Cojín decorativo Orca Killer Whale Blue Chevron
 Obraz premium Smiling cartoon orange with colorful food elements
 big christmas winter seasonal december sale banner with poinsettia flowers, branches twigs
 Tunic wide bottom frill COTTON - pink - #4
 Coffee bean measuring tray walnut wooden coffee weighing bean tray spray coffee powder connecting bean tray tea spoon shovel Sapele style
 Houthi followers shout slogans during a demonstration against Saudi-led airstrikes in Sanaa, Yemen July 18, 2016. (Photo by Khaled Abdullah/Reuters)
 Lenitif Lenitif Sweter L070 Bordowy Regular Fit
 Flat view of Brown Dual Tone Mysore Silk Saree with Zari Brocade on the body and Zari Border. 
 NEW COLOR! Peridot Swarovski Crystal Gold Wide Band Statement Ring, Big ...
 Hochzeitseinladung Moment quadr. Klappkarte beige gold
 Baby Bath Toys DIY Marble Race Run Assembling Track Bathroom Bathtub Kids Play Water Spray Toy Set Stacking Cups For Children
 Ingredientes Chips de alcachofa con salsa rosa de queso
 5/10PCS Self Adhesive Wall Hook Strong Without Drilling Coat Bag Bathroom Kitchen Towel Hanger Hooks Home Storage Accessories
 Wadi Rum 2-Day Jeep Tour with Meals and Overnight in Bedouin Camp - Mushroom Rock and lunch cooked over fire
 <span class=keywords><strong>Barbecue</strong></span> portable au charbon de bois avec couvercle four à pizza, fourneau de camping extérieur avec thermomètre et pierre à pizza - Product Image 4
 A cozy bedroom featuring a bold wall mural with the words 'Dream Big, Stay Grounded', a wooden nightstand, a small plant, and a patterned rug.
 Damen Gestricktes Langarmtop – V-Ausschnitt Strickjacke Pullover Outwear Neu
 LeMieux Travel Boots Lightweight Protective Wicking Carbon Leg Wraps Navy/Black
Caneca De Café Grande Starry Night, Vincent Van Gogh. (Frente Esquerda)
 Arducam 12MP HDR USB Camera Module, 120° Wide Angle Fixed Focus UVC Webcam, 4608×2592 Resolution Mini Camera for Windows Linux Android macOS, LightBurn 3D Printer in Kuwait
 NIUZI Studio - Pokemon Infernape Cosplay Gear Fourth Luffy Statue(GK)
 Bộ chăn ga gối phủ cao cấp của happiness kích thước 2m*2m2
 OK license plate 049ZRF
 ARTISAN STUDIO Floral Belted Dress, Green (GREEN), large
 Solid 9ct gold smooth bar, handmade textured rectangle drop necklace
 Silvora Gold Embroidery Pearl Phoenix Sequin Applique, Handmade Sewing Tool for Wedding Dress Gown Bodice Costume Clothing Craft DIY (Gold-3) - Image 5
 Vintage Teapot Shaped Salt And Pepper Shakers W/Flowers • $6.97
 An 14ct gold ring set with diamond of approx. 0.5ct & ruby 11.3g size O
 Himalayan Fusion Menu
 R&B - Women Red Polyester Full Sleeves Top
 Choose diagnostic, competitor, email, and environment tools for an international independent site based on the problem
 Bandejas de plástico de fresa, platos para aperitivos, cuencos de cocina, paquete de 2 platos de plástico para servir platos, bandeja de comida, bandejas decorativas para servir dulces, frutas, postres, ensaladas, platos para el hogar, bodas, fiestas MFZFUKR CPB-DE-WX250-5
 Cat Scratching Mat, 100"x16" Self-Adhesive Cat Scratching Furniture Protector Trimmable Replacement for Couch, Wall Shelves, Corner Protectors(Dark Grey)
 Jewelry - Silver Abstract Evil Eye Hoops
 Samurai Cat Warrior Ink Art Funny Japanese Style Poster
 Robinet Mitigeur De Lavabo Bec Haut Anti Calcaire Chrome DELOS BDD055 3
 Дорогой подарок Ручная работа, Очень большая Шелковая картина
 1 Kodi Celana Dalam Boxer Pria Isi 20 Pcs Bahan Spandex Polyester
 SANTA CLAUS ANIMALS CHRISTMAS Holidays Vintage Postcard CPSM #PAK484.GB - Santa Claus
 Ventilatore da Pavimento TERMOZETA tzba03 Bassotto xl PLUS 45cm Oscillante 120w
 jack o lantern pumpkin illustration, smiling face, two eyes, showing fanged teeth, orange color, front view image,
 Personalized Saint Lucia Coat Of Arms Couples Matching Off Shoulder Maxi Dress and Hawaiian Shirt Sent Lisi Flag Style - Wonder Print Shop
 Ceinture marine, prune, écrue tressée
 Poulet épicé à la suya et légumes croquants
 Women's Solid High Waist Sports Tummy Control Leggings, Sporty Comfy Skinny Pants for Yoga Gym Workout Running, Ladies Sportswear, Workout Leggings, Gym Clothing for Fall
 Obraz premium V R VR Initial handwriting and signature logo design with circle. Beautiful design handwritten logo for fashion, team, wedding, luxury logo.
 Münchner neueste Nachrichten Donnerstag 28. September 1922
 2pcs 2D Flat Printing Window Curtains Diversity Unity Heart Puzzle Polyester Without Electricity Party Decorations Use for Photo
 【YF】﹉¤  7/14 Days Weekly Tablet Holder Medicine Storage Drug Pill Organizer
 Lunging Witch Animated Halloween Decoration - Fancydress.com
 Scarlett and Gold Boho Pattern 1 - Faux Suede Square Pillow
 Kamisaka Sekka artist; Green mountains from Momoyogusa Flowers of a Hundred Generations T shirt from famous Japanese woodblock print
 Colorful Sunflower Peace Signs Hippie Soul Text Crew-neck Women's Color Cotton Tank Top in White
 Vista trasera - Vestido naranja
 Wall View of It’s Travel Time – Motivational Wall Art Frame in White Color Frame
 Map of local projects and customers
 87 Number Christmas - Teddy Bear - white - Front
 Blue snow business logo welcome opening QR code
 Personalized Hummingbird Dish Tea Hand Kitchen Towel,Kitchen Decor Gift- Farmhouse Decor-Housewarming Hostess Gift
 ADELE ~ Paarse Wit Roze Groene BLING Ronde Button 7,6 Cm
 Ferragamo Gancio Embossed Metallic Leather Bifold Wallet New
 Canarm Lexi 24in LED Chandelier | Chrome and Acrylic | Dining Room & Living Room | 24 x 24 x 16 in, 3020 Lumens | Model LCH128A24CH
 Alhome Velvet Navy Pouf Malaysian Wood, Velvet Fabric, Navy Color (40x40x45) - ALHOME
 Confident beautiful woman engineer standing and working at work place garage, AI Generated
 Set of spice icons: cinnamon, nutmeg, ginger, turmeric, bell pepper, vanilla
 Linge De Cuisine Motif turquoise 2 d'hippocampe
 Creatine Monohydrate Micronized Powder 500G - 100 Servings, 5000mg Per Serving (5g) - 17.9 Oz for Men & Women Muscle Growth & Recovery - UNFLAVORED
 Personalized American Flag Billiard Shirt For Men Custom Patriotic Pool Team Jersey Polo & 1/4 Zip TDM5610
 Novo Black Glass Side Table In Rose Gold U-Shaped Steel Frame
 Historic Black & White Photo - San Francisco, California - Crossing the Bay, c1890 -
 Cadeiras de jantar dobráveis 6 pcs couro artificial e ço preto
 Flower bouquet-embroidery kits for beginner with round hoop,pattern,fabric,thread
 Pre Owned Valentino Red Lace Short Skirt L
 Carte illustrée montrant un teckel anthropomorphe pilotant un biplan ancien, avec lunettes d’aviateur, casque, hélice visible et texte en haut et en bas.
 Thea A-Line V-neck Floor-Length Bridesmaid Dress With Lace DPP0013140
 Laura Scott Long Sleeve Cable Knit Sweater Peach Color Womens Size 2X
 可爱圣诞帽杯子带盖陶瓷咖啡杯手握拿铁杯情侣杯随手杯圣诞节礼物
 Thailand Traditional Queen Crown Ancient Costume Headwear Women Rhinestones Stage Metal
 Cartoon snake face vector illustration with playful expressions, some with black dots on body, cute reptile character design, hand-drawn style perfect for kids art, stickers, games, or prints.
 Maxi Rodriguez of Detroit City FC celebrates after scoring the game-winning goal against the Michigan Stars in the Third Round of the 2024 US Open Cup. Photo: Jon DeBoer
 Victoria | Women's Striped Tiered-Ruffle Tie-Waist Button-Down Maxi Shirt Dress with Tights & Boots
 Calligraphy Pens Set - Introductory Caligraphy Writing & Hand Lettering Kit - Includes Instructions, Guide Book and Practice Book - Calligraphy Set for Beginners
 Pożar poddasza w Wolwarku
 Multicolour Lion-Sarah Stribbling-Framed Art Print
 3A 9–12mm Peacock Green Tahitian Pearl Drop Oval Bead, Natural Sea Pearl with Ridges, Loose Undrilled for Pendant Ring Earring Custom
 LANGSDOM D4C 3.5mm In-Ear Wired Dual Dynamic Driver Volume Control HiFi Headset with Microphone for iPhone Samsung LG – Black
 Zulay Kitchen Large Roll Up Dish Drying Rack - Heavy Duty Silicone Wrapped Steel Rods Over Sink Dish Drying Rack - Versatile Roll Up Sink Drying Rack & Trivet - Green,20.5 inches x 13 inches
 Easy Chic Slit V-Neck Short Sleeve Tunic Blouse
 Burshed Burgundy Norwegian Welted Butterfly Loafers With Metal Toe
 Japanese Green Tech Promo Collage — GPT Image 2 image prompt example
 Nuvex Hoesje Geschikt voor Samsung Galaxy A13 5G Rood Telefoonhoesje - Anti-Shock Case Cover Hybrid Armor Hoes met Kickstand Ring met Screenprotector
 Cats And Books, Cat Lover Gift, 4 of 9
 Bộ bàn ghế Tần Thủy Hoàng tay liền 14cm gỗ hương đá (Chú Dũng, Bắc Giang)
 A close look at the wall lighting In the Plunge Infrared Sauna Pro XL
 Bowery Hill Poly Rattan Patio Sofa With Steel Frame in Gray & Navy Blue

******************************

• [Work to be completed]: Your reply is to repeat, unchanged, the lines above running from the one with "Münchner neueste Nachrichten" up to and including the one with "Pre Owned Valentino Red Lace Short Skirt L".

• [Response area]:
 Münchner neueste Nachrichten Donnerstag 28. September 1922
 2pcs 2D Flat Printing Window Curtains Diversity Unity Heart Puzzle Polyester Without Electricity Party Decorations Use for Photo
 【YF】﹉¤  7/14 Days Weekly Tablet Holder Medicine Storage Drug Pill Organizer
 Lunging Witch Animated Halloween Decoration - Fancydress.com
 Scarlett and Gold Boho Pattern 1 - Faux Suede Square Pillow
 Kamisaka Sekka artist; Green mountains from Momoyogusa Flowers of a Hundred Generations T shirt from famous Japanese woodblock print
 Colorful Sunflower Peace Signs Hippie Soul Text Crew-neck Women's Color Cotton Tank Top in White
 Vista trasera - Vestido naranja
 Wall View of It’s Travel Time – Motivational Wall Art Frame in White Color Frame
 Map of local projects and customers
 87 Number Christmas - Teddy Bear - white - Front
 Blue snow business logo welcome opening QR code
 Personalized Hummingbird Dish Tea Hand Kitchen Towel,Kitchen Decor Gift- Farmhouse Decor-Housewarming Hostess Gift
 ADELE ~ Paarse Wit Roze Groene BLING Ronde Button 7,6 Cm
 Ferragamo Gancio Embossed Metallic Leather Bifold Wallet New
 Canarm Lexi 24in LED Chandelier | Chrome and Acrylic | Dining Room & Living Room | 24 x 24 x 16 in, 3020 Lumens | Model LCH128A24CH
 Alhome Velvet Navy Pouf Malaysian Wood, Velvet Fabric, Navy Color (40x40x45) - ALHOME
 Confident beautiful woman engineer standing and working at work place garage, AI Generated
 Set of spice icons: cinnamon, nutmeg, ginger, turmeric, bell pepper, vanilla
 Linge De Cuisine Motif turquoise 2 d'hippocampe
 Creatine Monohydrate Micronized Powder 500G - 100 Servings, 5000mg Per Serving (5g) - 17.9 Oz for Men & Women Muscle Growth & Recovery - UNFLAVORED
 Personalized American Flag Billiard Shirt For Men Custom Patriotic Pool Team Jersey Polo & 1/4 Zip TDM5610
 Novo Black Glass Side Table In Rose Gold U-Shaped Steel Frame
 Historic Black & White Photo - San Francisco, California - Crossing the Bay, c1890 -
 Cadeiras de jantar dobráveis 6 pcs couro artificial e ço preto
 Flower bouquet-embroidery kits for beginner with round hoop,pattern,fabric,thread
 Pre Owned Valentino Red Lace Short Skirt L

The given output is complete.